The overall experience is thus one of familiarity. The DLC does not seek to transport the player to a new locale within the Attack on Titan world or introduce new audio-visual themes. Its contribution to the game’s aesthetic is negligible, serving only to prolong the player’s engagement with the art and sound that were already present in the base game.
Reception & Legacy
The most telling data point regarding the reception of the Attack on Titan 2: Season Pass is the profound silence that surrounds it. On MobyGames, one of the most comprehensive databases in gaming, there are zero critic reviews and zero player reviews for this product. This absence is deafening. It was not deemed significant enough by media outlets to warrant critical analysis, and it failed to inspire even the most dedicated players to leave a user evaluation.
This lack of engagement suggests a product that was perceived as obligatory rather than essential. It was a checkbox on a publisher’s financial spreadsheet, not a meaningful expansion that captured the community’s imagination. Its legacy is therefore minimal. It did not influence subsequent games or DLC practices in any positive way; instead, it serves as a footnote—a reminder of an era where the mere existence of a season pass was often enough to satisfy corporate strategy, if not player desire.

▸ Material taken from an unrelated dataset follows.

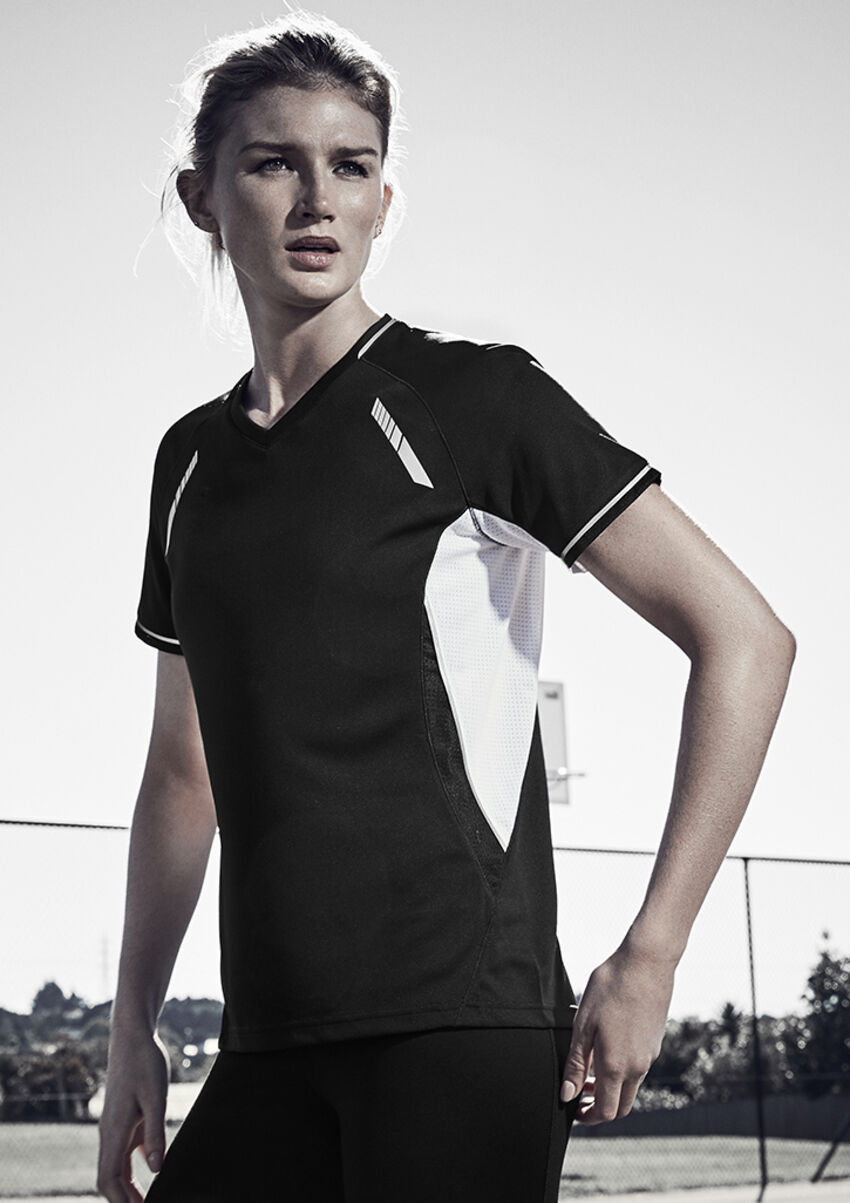 Biz Collection - T-shirt micro-polyester et col en v T701LS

The pass’s legacy is intertwined with the broader conversation about the value of DLC. It stands as an example of content that is difficult to review in isolation, whose value is entirely dependent on the player’s appetite for more of the same. It did not tarnish the reputation of Attack on Titan 2, but it certainly did not burnish it.
Conclusion
The Attack on Titan 2: Season Pass is a product of its time, embodying both the potential benefits and the inherent flaws of the season pass model. On paper, it offers a discounted bundle of new missions for dedicated fans. In practice, it offers a handful of disposable side stories that fail to expand the narrative, mechanics, or world of the base game in any meaningful way. The confusion caused by a similarly named costume pack further muddies its value proposition.

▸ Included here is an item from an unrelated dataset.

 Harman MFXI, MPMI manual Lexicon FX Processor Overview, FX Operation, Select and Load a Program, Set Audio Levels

For the historian, it is a fascinating artifact: a commercially released product that generated no critical discourse and left no mark on the players it was designed for. It is the definition of superfluous content. Its place in video game history is not as an influential title, but as a representative example of a common, often-criticized monetization strategy. The final verdict is clear: the Attack on Titan 2: Season Pass is a product that only the most completionist devotees of the game would have found worthwhile, and even for them, it offered diminishing returns on an already repetitive formula. It is a compilation in the most literal sense, and nothing more.